Captioned web images:
- - -

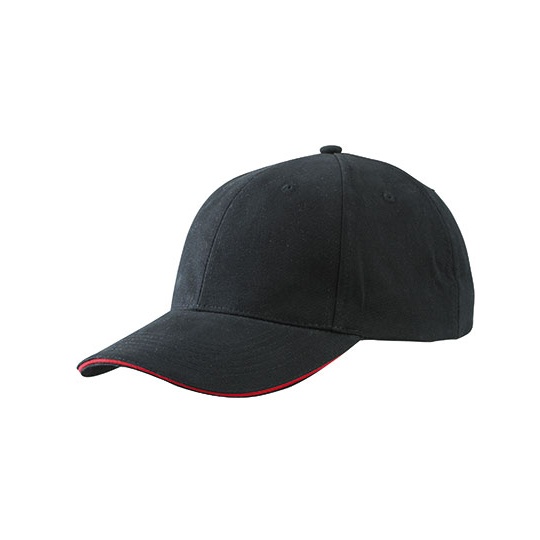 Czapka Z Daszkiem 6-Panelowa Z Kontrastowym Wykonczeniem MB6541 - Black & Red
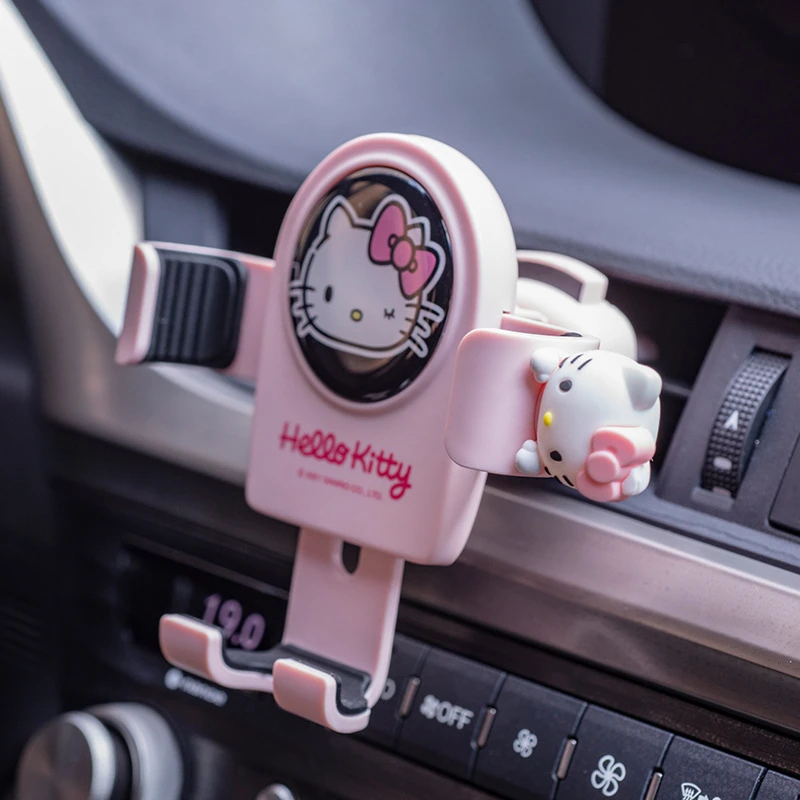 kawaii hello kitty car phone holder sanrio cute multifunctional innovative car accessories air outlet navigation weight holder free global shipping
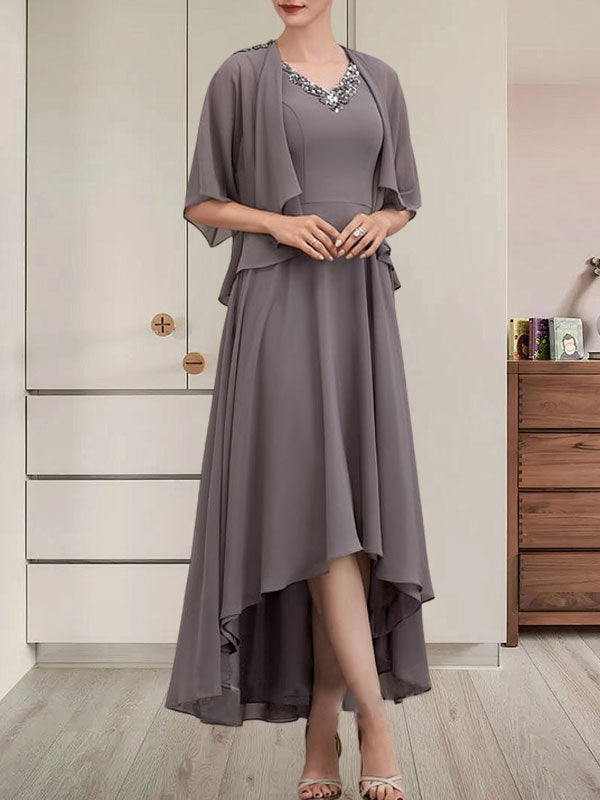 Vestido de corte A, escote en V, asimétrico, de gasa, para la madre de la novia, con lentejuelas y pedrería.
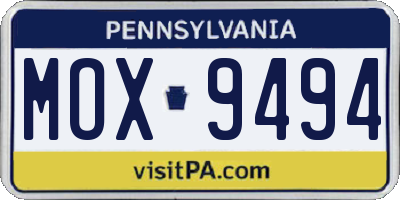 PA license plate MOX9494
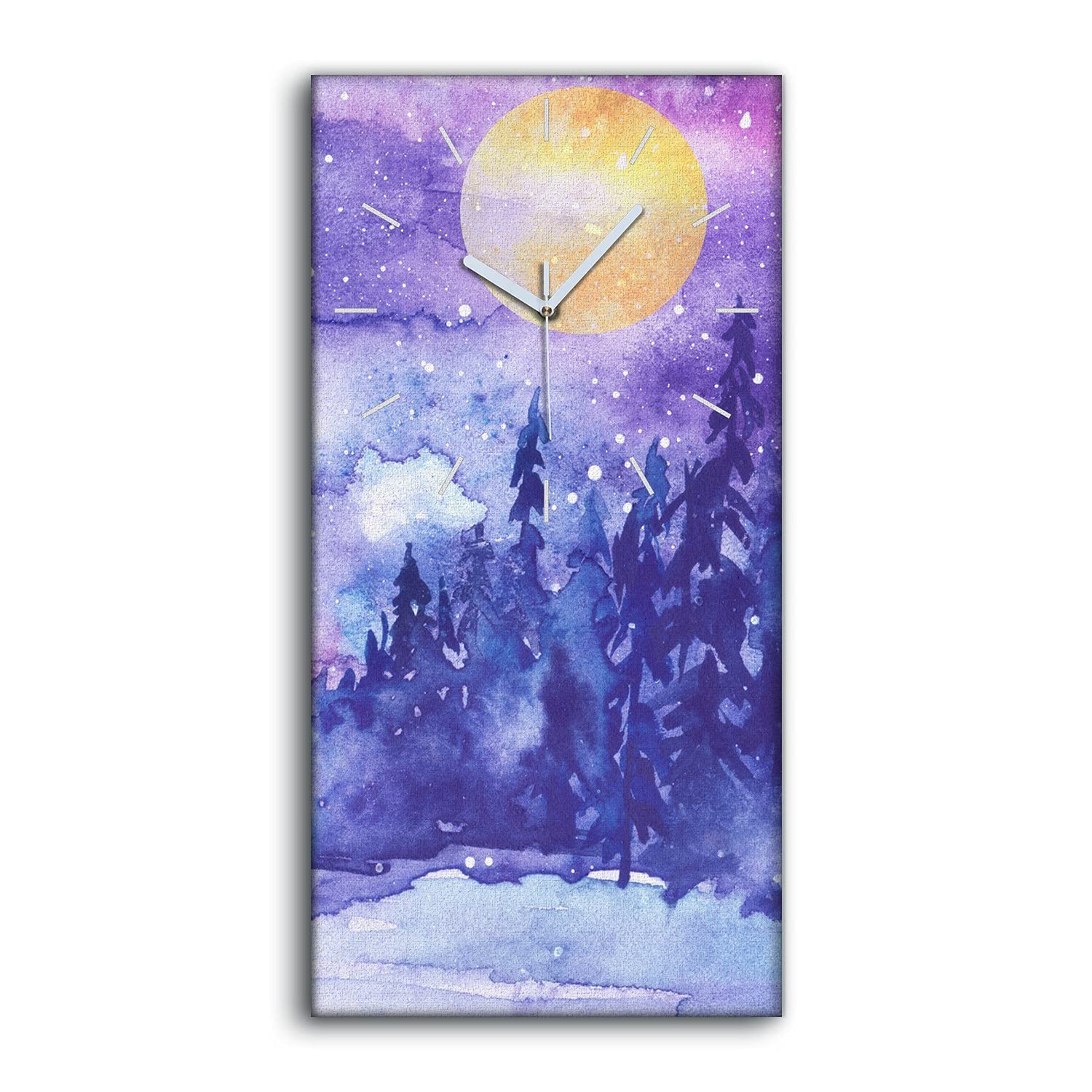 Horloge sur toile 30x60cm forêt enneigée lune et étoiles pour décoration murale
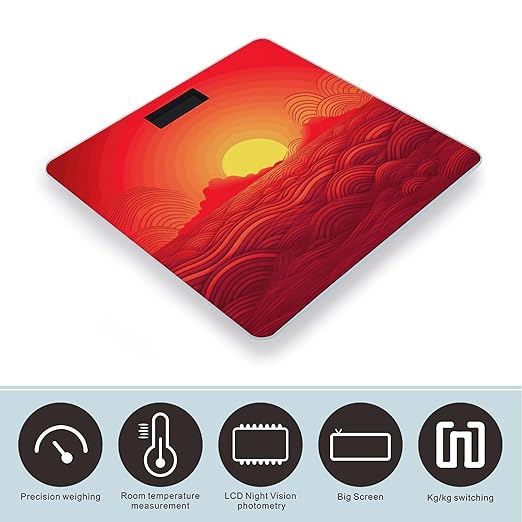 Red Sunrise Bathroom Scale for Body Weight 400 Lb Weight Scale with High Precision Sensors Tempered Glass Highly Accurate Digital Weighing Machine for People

- - -

Brief: Retype the entries word for word. Omit any images.

Answer to this task:
 Czapka Z Daszkiem 6-Panelowa Z Kontrastowym Wykonczeniem MB6541 - Black & Red
 kawaii hello kitty car phone holder sanrio cute multifunctional innovative car accessories air outlet navigation weight holder free global shipping
 Vestido de corte A, escote en V, asimétrico, de gasa, para la madre de la novia, con lentejuelas y pedrería.
 PA license plate MOX9494
 Horloge sur toile 30x60cm forêt enneigée lune et étoiles pour décoration murale
 Red Sunrise Bathroom Scale for Body Weight 400 Lb Weight Scale with High Precision Sensors Tempered Glass Highly Accurate Digital Weighing Machine for People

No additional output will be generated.